Forgiveness isn't really about the transgressor so much as it is about YOU. It's a gift you give to yourself. ;)

 

Anger and Resentment will sap your positive energy in order to continue their own survival. They are your enemies, because afterall... acrimony makes YOU feel worse than it does the other guy. Ususally, the transgressor could give a crap less. More often than not, they're completely unaware that we hate them.

 

What helped me...was to imagine the transgression as a debt. Somebody hurts you, they OWE you for your pain and suffering, right? But what coin is good enough to pay you back for what you've been put through? :confused:

 

There just isn't any. There's NOTHING my spouse can do that makes the pain he caused okay. He doesn't have the ability to pay me back. There's no coin good enough. So, I can walk around with my hand outstretched, awaiting payment that will NEVER come. Or...I can write the debt off, like money loaned to a family member and never repaid.

 

Anyway, life just isn't fair sometimes. Some days you're the windshield and some days you're the bug, right? It's a difficult thing to accept, but it's the reality that we live with. Evading it only serves to increase the pain of the injustice.

 

I think you're going to do just fine, btw. ;) You've made lemonade out of lemons at every turn.
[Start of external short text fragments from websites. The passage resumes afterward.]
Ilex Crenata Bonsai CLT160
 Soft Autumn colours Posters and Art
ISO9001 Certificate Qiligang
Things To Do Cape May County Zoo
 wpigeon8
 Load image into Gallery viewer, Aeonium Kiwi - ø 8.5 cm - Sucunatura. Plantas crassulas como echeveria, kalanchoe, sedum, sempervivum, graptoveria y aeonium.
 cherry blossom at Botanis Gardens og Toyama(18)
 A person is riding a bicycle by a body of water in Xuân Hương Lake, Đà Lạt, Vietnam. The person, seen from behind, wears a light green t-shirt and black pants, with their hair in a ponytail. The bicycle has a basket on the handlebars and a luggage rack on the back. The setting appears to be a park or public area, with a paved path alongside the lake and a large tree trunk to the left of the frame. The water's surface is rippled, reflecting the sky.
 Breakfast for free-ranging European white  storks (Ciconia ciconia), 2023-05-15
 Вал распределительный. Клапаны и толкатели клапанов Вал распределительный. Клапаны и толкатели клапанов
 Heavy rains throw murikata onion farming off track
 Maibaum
You've never "evaded" the hard work, and if you have...you haven't posted it here. This is just another thing on the "to do" list. I think it'll help you to concentrate more on your boys just now and less on your wife. And if you'll monitor yourself pretty closely for depression, I think you'll do alright. After some time has passed, you might even find yourself a little happier than you were in the marriage. That's not uncommon.